O Governo prepara uma das mais profundas revisões do Código dos Contratos Públicos das últimas décadas, com o objetivo de eliminar mais de três milhões de documentos por ano e reduzir significativamente a burocracia associada à contratação pública, avança o ‘Jornal de Notícias‘.
O diploma deverá ser levado esta quinta-feira a Conselho de Ministros e introduz uma mudança estrutural na relação entre o Estado e as empresas. Entre as principais novidades está o fim da obrigatoriedade de entrega de documentos que já se encontram na posse da Administração Pública, como certidões de não dívida às Finanças e à Segurança Social ou o registo criminal.

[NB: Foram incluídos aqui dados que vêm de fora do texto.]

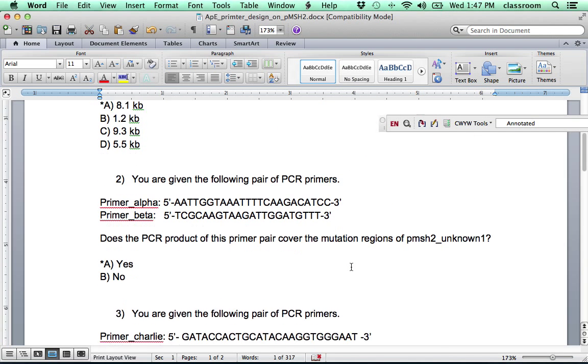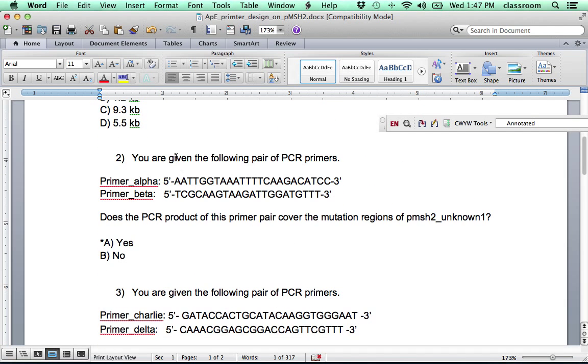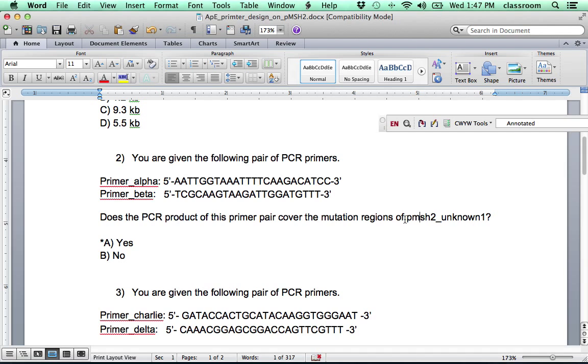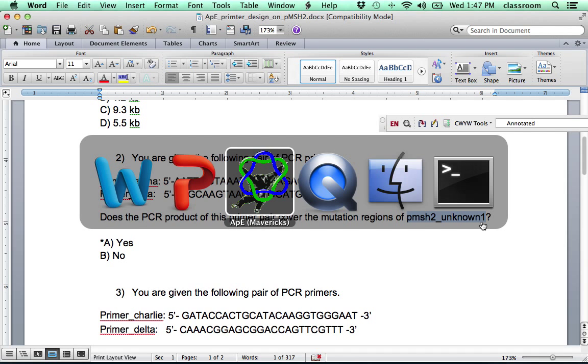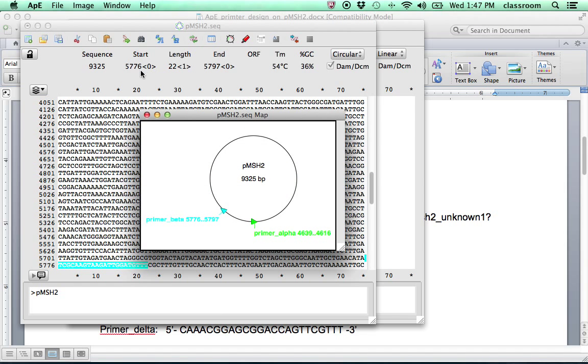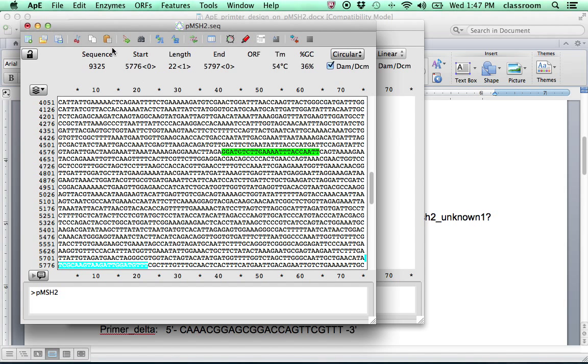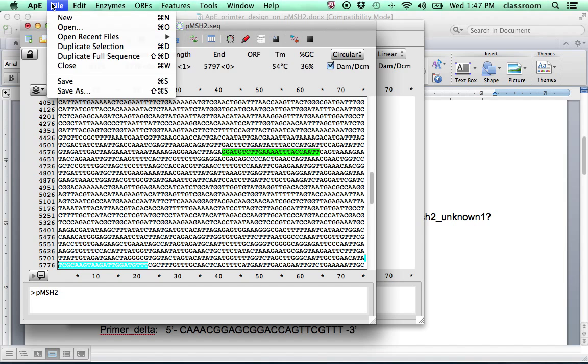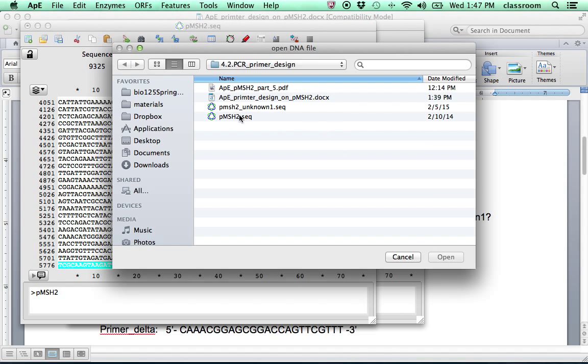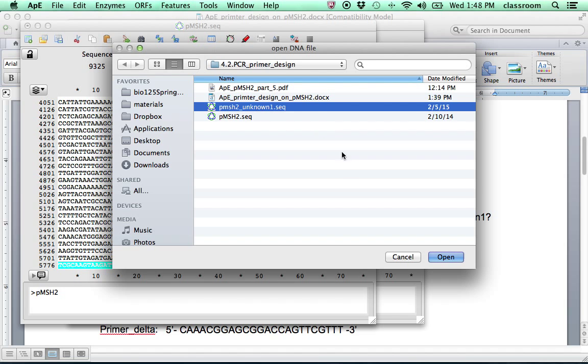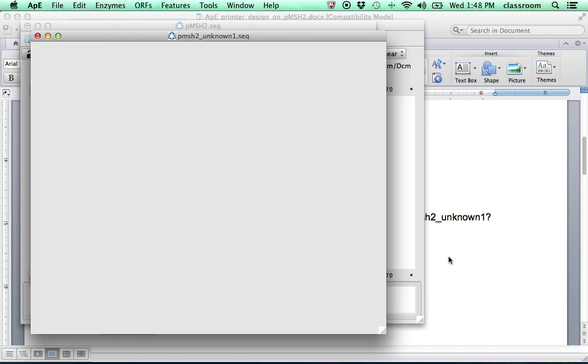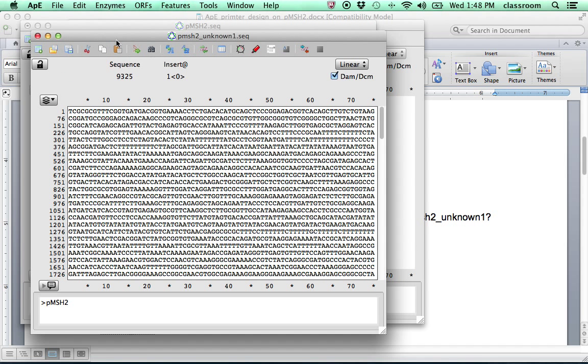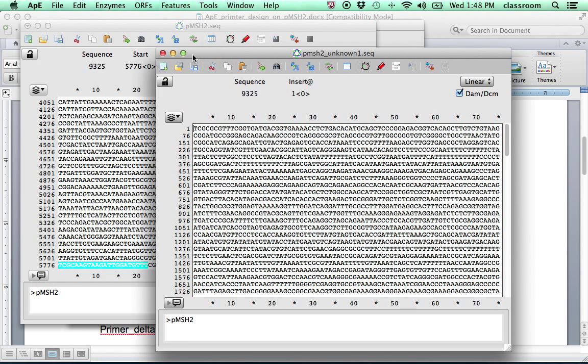Let me look at the second question. So there, primer alpha and beta. Does this PCR product cover the mutation region in plasmid pMSH2N1? So that sequence is also given to you. So let's go back to APE. This time, go to File, Open again. Add the pMSH2N1.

A lógica passa a inverter-se: em vez de exigir comprovativos às empresas sempre que concorrem a contratos públicos, o Estado assume a responsabilidade de verificar internamente essa informação. A medida assenta no princípio “só uma vez”, segundo o qual cidadãos e empresas não devem ser obrigados a fornecer repetidamente dados que já constam das bases públicas.
De acordo com o ‘Jornal de Notícias’, esta reforma pretende romper com um modelo marcado por anos de desconfiança institucional e excesso de formalismos, que têm sido apontados como entraves ao investimento e à participação das empresas, sobretudo das pequenas e médias.
A revisão inclui também alterações aos limiares da contratação pública, considerados desajustados face à realidade económica e mais restritivos do que as diretivas europeias exigem. Atualmente, os concursos públicos são obrigatórios a partir de 5,4 milhões de euros em obras públicas, 140 mil euros para bens e serviços no Estado central e 216 mil euros para outras entidades, como autarquias.
O aumento destes limites — ainda em discussão — poderá reduzir o número de procedimentos complexos e acelerar decisões, abrindo espaço a uma maior participação empresarial e a uma execução mais rápida dos investimentos.
Segundo fonte do Ministério da Reforma do Estado, liderado por Gonçalo Matias, trata-se de “uma mudança estrutural na forma como o Estado contrata, investe e se relaciona com empresas e cidadãos”, num contexto de pressão para executar fundos europeus e responder à instabilidade internacional.
A contratação pública representa atualmente entre 5% e 6% do Produto Interno Bruto, mas o objetivo do Executivo é aproximar Portugal da média europeia, na ordem dos 15%, o que implicará não só simplificação de regras, mas também maior capacidade de execução.
O Governo defende que a reforma não visa facilitar processos, mas sim responsabilizar. “Simplificar não é facilitar — é responsabilizar”, sublinha o ministro Gonçalo Matias, defendendo a substituição de uma cultura de suspeita por um modelo assente na confiança, acompanhado de fiscalização mais eficaz.
O sucesso da reforma dependerá agora da capacidade do Estado para cruzar dados, garantir transparência e reforçar os mecanismos de controlo. Caso contrário, alertam especialistas, o risco poderá passar de excesso de burocracia para falta de supervisão.